07.01.2023 - 18:01 | Son Güncellenme:
İHA-DHA
Edirne Valiliği ve Trakya Üniversitesi tarafından Batı Trakya Türklerinin sembol ismi Dr. Sadık Ahmet'in 76. doğum günü dolayısıyla Keşan’da panel düzenlendi. Panelin ardından Yunanistan’a çıkan karayolu üzerindeki son köprülü kavşağa Dr. Sadık Ahmet’in ismi verildi. Törende konuşan TBMM Başkanı Mustafa Şentop, Dr. Sadık Ahmet'in Batı Trakya Türklerinin mücadelesinin ismi olduğunu, Batı Trakya Türkleri tarafından verilen mücadeleye tüm Türkiye olarak sahip çıktıklarını belirterek, “85 milyon insanımız var olduğu müddetçe, Batı Trakya Türklerinin yanındayız." dedi. Yunanistan'ın uluslararası hukuka ve verdiği taahhütlerine uyması için mücadele verildiğini kaydeden TBMM Başkanı Şentop, son dönemlerde Yunanistan'ın Türkiye karşıtı bir tutum sergilediğini dile getirdi.

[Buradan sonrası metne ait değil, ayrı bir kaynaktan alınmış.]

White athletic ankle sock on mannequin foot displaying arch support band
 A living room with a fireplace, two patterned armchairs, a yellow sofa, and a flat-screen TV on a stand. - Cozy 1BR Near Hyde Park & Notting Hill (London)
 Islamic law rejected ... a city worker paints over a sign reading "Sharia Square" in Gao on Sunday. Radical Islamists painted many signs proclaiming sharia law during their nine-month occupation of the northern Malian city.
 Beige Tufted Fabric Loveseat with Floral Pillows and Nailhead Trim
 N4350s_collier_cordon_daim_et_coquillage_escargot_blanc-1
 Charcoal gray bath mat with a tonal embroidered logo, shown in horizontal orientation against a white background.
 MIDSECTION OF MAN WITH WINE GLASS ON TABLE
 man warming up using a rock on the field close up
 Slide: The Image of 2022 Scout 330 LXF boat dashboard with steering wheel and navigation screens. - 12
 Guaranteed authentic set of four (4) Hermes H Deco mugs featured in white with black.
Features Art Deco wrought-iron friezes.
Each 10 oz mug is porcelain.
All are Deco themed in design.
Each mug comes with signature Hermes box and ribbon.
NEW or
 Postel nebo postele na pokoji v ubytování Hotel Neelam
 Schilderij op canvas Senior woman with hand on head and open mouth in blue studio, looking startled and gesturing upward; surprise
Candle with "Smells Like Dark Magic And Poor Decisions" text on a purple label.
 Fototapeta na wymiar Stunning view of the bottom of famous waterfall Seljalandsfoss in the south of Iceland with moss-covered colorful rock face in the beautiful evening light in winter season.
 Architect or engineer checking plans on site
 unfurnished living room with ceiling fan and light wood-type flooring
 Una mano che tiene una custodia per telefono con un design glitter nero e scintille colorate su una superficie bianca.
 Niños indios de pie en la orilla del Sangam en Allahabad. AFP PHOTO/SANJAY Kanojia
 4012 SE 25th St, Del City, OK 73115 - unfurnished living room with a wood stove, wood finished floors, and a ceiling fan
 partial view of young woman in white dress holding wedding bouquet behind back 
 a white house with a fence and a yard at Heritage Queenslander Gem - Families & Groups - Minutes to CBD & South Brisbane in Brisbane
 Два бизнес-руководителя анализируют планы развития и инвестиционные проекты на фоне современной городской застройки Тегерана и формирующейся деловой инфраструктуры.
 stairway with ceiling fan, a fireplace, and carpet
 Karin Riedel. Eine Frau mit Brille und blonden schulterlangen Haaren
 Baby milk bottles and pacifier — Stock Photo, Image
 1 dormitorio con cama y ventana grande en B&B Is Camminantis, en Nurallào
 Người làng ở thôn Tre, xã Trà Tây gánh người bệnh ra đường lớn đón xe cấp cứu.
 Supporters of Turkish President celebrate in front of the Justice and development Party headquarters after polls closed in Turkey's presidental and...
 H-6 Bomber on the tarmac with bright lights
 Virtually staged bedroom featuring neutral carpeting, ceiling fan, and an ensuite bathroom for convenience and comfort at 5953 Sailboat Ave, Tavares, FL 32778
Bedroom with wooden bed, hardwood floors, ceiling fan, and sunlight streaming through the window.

“TÜRKİYE'NİN DOSTLUĞU ÇOK KIYMETLİDİR AMA TÜRKİYE'NİN DÜŞMANLIĞI DA ÇOK TEHLİKELİDİR”
Türkiye karşıtı tavırların sebebinin Yunanistan’da yaklaşan seçimler olduğunu aktaran Şentop, "Türkiye düşmanlığı üzerine bir millet olma esası getirmeye çalışıyorlar. Yunanistan'da Türkiye karşıtı bir tutumun sesini yükselttiğini belki de biraz seçimle alakalı olarak bunun gündeme taşındığını, Türkiye düşmanlığının pik yaptığını, yükseldiğini görüyoruz. Bir başka ülkeye olan düşmanlık üzerine kendi milli varlığını izah etmeye çalışan bir ülkenin bu milli varlığını koruyabilmesi, sürdürebilmesi mümkün değildir. Yunanistan kendi tarihi değerleri, kültürü üzerine değil, Türkiye düşmanlığı üzerine bir millet olma esası getirmeye çalışıyor. Bu, savunulabilir bir şey değildir." diye konuştu.
Şentop, şöyle devam etti:
"Bir devlet komşularına karşı zaman zaman, uluslararası alanda bazı ülkelere dayanarak, o ülkelerin kucağına oturarak efelenmeye kalkarsa bunun başarılı olmadığını, tarihin her döneminde gördük. Yunanistan'ın yaptığı budur. Amerika Birleşik Devletleri'nin elli birinci eyaleti olmayı da göze alacak şekilde, ekonomik ve askeri bakımdan kendi bağımsızlığını risk ve tehdit altına sokacak şekilde, gözü kara bir Türkiye düşmanlığıyla sürdürmeye çalışıyorlar. Bunun Yunanistan'a faydası yok. Yunanistan'da yaşayan insanlara, kendi halkına faydası yok. Ama Türkiye'nin de böyle bir devleti ciddiye alması, öyle bir ligde yarışan, varlığını sürdüren bir devleti ciddiye alması mümkün değil. Bu açıdan söylüyoruz ki Türkiye'nin dostluğu çok kıymetlidir ama Türkiye'nin düşmanlığı da çok tehlikelidir. Dolayısıyla Türkiye'ye karşı herkesin harekete geçerken, konuşurken, hesap yaparken çok dikkatli olması lazım."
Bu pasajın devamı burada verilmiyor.